Source data>
'''
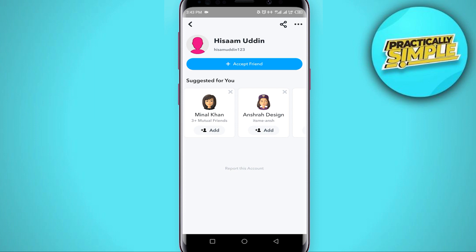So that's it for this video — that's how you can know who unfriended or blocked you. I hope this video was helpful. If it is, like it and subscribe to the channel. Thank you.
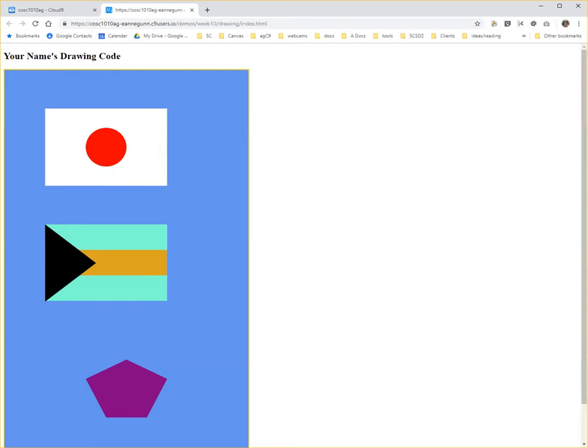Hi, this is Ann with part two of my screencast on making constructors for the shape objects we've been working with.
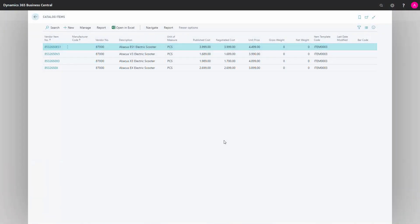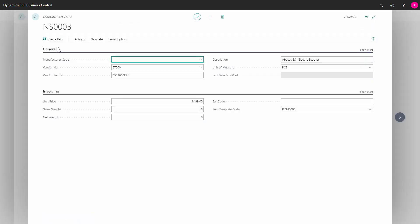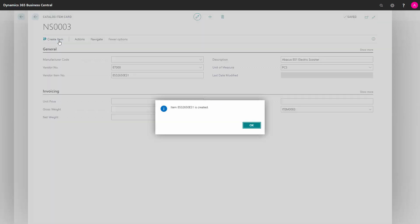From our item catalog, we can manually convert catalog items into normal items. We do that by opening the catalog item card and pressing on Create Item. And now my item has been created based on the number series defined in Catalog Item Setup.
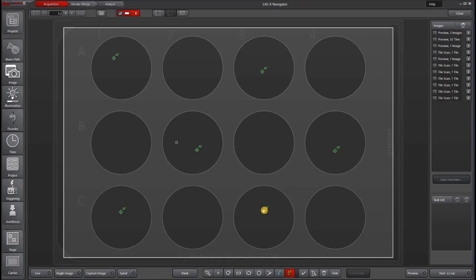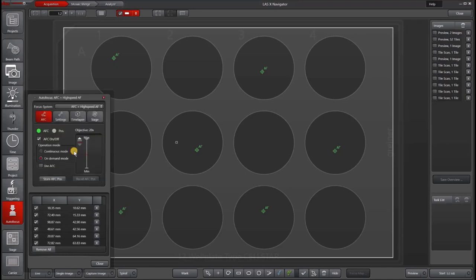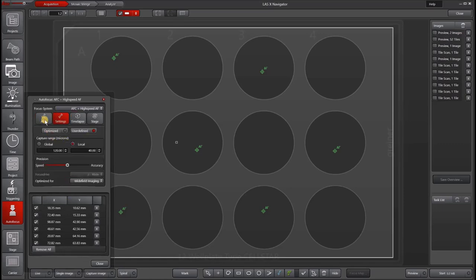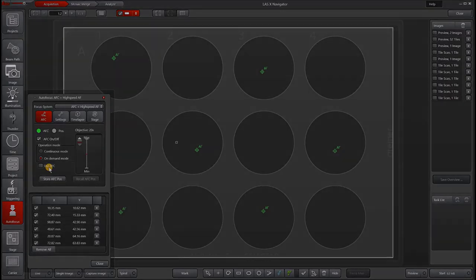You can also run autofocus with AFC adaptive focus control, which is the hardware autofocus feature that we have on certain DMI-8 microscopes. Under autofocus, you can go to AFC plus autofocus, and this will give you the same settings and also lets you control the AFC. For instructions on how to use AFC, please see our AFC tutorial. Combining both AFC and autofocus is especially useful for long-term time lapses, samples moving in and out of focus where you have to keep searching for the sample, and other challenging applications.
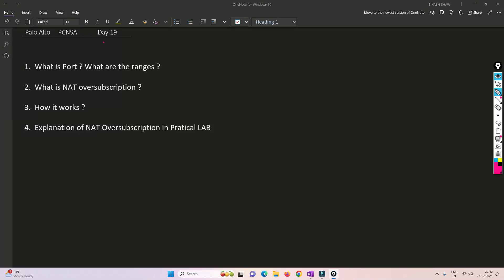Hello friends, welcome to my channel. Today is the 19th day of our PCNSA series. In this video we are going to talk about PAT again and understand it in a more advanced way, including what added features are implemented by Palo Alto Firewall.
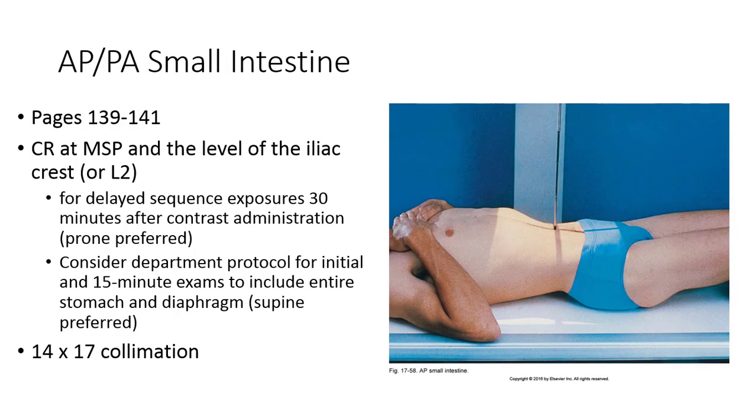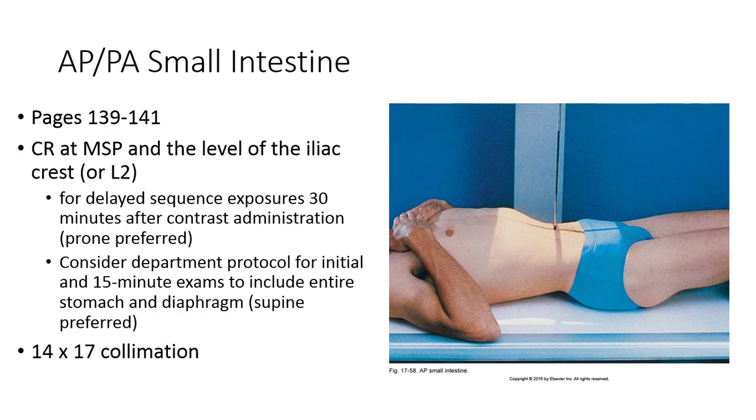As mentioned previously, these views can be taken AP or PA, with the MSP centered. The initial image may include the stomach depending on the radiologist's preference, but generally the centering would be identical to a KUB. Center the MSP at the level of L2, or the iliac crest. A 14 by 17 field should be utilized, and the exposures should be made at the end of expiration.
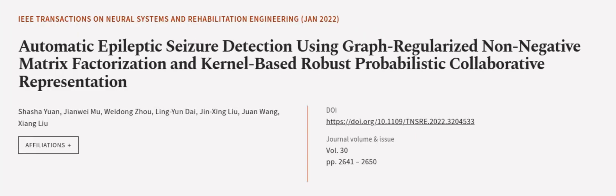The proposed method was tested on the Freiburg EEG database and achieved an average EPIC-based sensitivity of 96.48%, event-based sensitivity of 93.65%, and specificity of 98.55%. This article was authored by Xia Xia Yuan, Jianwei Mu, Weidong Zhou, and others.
'''
'''
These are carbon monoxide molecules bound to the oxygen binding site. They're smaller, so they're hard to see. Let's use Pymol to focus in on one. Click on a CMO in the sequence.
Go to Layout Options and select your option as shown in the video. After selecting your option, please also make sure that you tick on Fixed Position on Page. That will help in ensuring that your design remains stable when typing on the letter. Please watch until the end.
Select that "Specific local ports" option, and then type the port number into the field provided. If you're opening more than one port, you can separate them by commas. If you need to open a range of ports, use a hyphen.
'''
What is expected> Beginning with the line holding "These are carbon" and ending with the line holding "use a hyphen.", write out the stretch of material above exactly; add no further lines.

Expected answer>
These are carbon monoxide molecules bound to the oxygen binding site. They're smaller, so they're hard to see. Let's use Pymol to focus in on one. Click on a CMO in the sequence.
Go to Layout Options and select your option as shown in the video. After selecting your option, please also make sure that you tick on Fixed Position on Page. That will help in ensuring that your design remains stable when typing on the letter. Please watch until the end.
Select that "Specific local ports" option, and then type the port number into the field provided. If you're opening more than one port, you can separate them by commas. If you need to open a range of ports, use a hyphen.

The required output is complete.